Source records
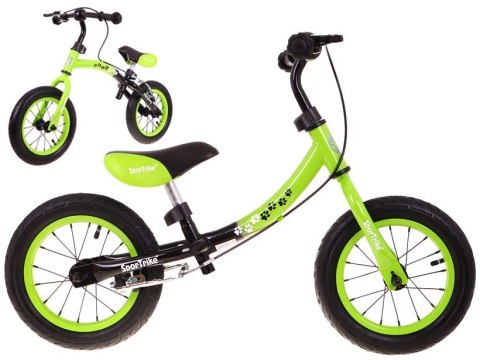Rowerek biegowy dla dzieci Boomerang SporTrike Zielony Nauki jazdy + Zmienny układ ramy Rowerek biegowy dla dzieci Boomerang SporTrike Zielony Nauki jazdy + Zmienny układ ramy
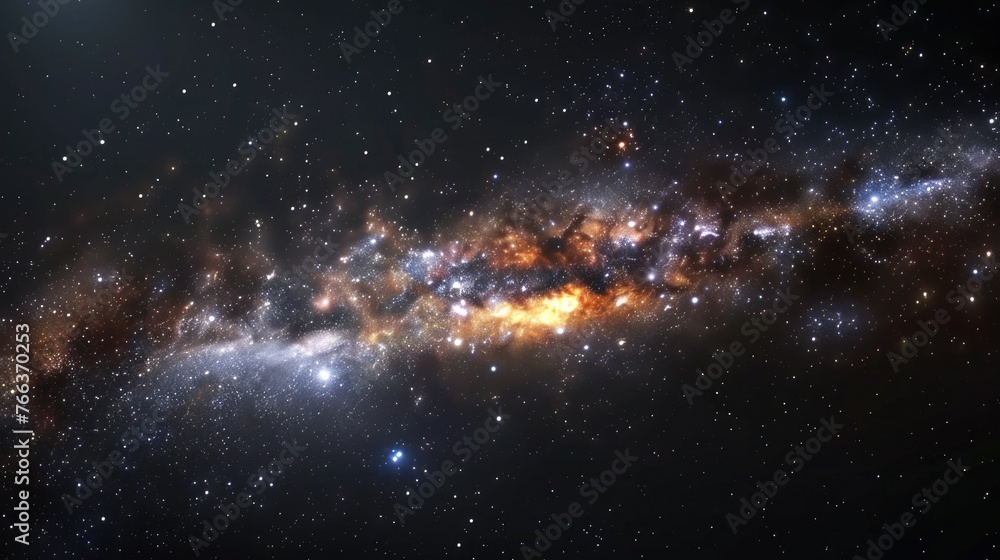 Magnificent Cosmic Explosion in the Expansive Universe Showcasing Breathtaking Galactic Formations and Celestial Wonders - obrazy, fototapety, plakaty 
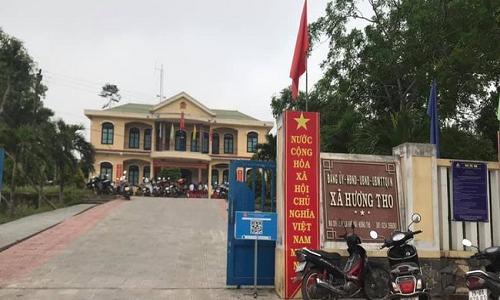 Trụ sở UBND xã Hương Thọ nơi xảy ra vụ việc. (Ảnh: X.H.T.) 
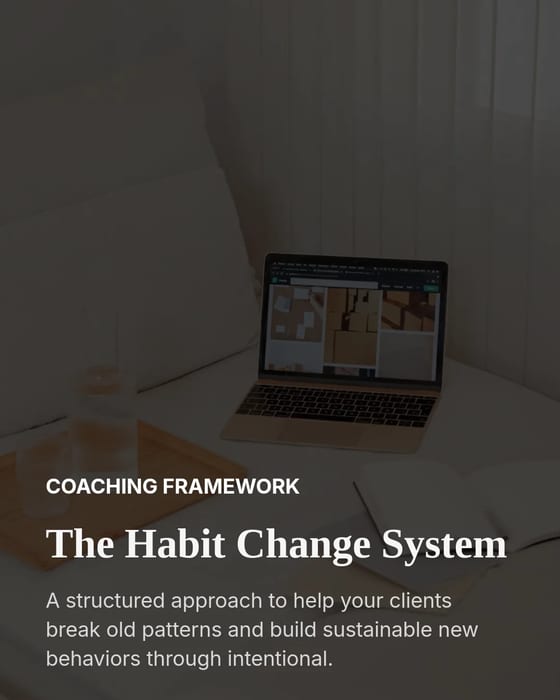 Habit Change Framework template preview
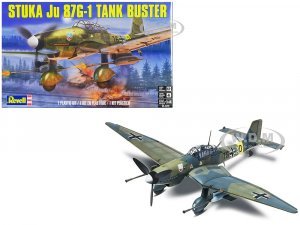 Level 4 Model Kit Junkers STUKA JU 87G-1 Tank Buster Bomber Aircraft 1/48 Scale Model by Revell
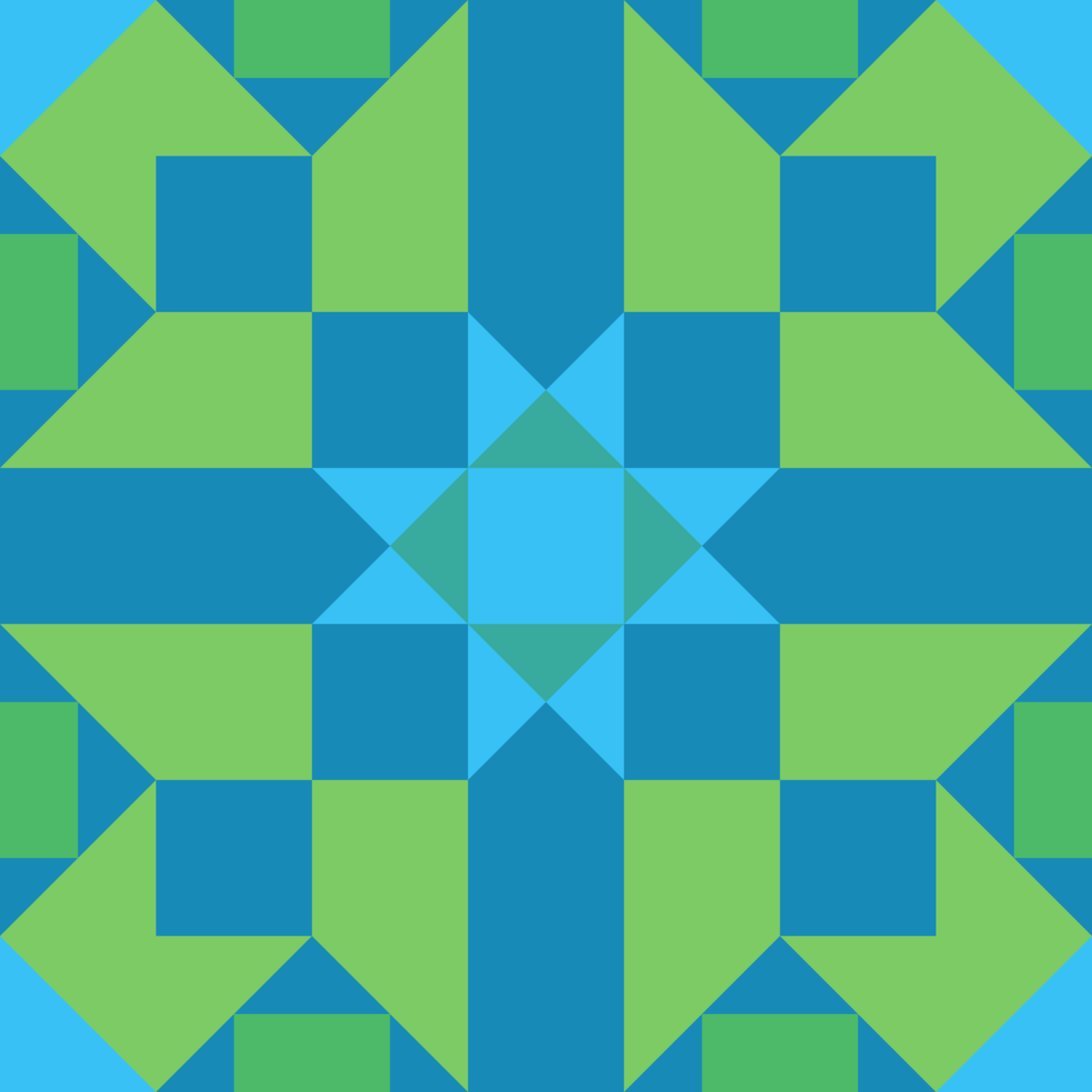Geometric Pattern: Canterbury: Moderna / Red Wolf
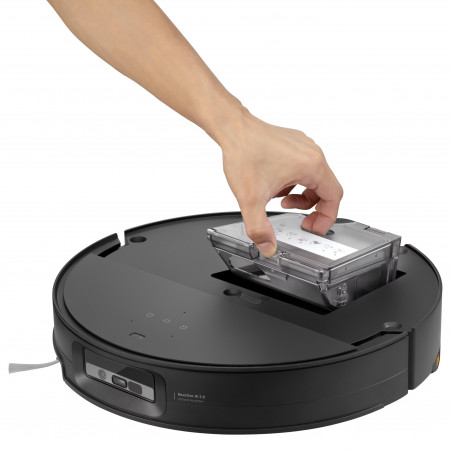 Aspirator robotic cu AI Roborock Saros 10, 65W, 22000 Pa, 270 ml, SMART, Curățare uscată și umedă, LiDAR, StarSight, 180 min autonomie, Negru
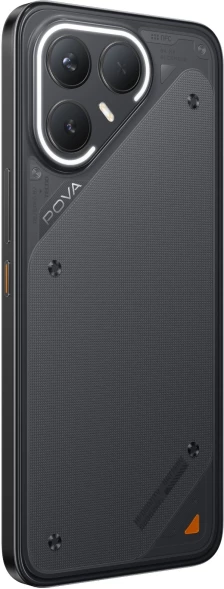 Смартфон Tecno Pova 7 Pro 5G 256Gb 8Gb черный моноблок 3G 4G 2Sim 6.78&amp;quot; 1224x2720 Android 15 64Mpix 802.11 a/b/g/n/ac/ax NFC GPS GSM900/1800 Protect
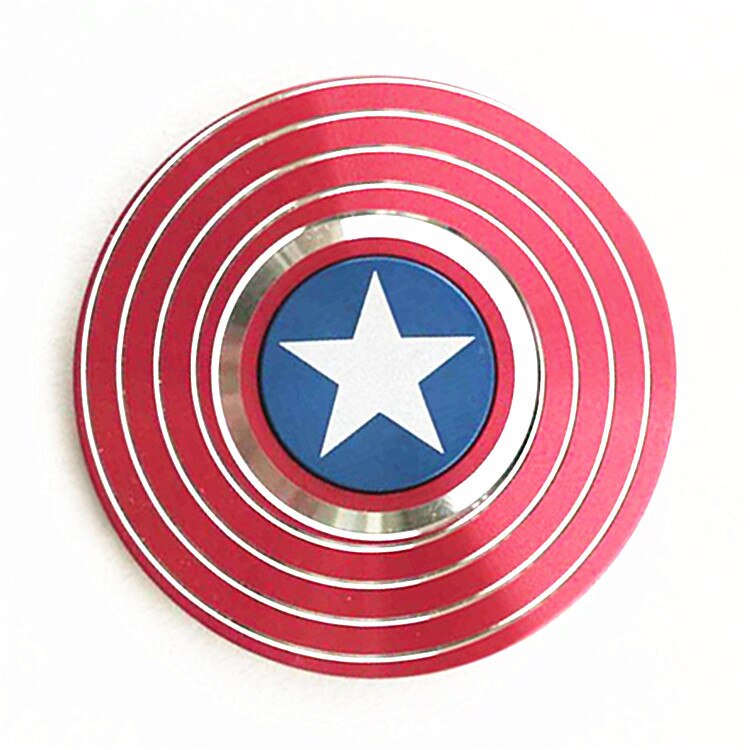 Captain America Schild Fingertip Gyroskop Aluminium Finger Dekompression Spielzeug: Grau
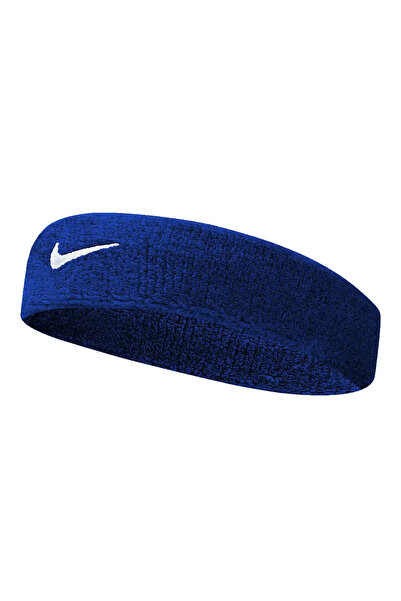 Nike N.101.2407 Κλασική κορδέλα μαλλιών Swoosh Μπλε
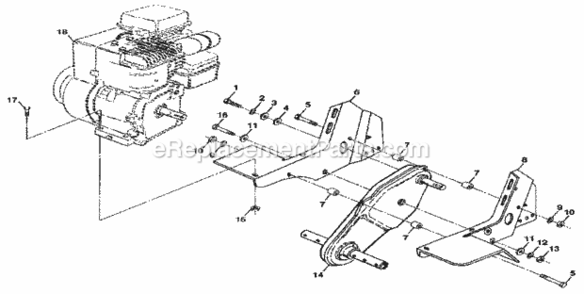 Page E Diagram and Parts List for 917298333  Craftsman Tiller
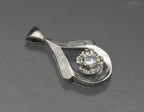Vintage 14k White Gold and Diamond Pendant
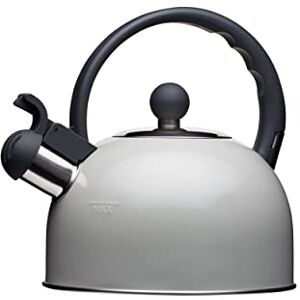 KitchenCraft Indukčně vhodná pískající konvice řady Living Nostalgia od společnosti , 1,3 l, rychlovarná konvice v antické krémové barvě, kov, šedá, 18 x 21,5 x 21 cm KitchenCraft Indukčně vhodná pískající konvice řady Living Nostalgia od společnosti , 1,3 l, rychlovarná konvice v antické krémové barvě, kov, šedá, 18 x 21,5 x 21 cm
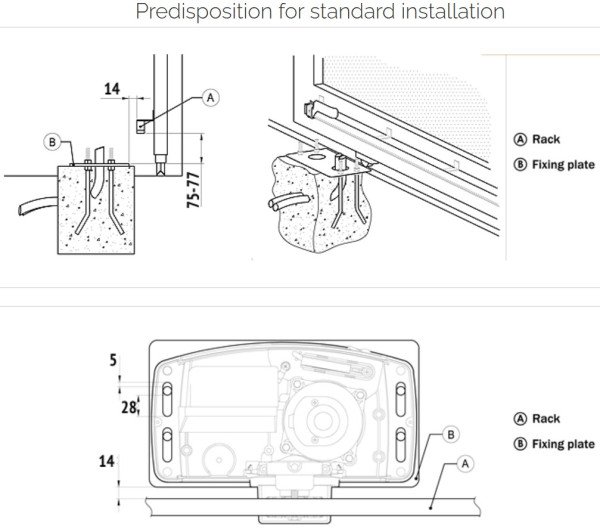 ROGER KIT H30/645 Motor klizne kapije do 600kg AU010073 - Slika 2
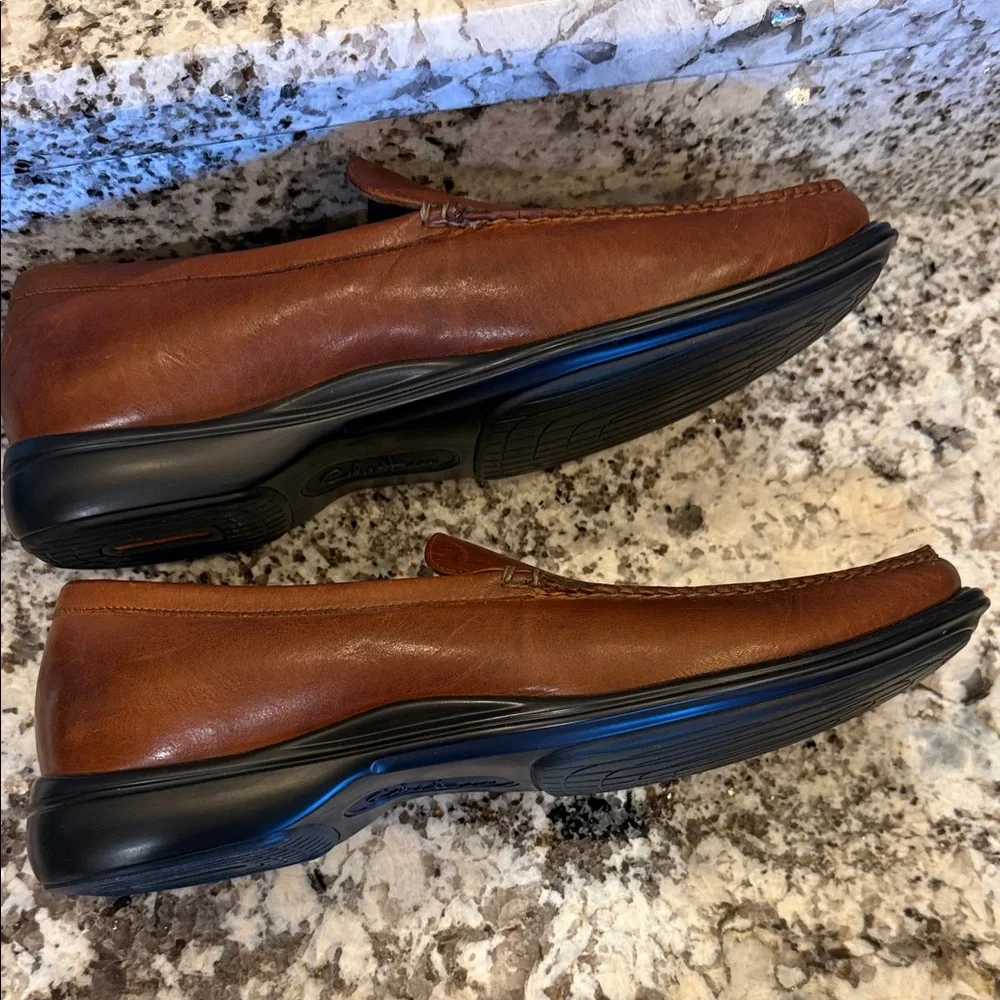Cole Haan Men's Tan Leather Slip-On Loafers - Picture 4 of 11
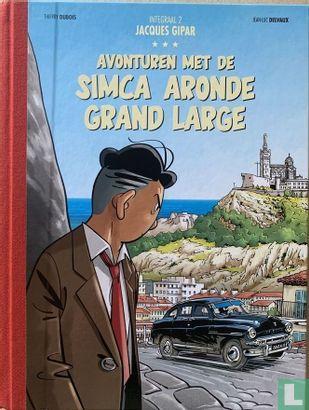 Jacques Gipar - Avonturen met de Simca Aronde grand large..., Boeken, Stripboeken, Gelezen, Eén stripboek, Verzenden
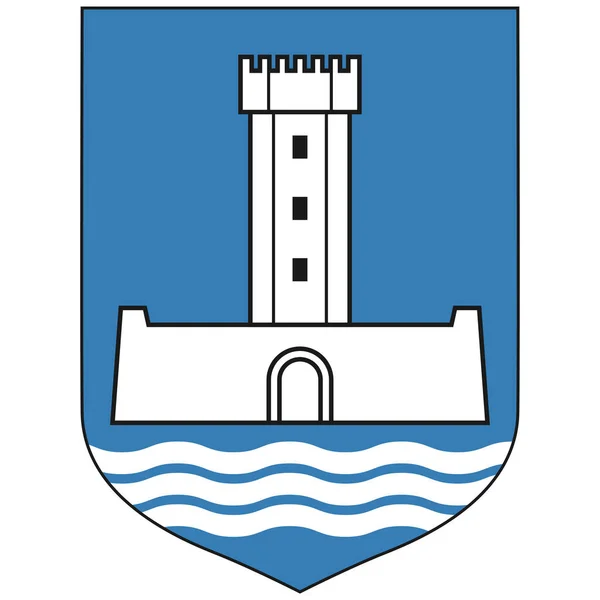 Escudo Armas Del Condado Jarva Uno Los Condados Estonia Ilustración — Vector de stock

* Your task: Quote the records above exactly, from the first line through the line containing "Habit Change Framework template preview", and leave out the pictures.

* Written solution:
Rowerek biegowy dla dzieci Boomerang SporTrike Zielony Nauki jazdy + Zmienny układ ramy Rowerek biegowy dla dzieci Boomerang SporTrike Zielony Nauki jazdy + Zmienny układ ramy
 Magnificent Cosmic Explosion in the Expansive Universe Showcasing Breathtaking Galactic Formations and Celestial Wonders - obrazy, fototapety, plakaty 
 Trụ sở UBND xã Hương Thọ nơi xảy ra vụ việc. (Ảnh: X.H.T.) 
 Habit Change Framework template preview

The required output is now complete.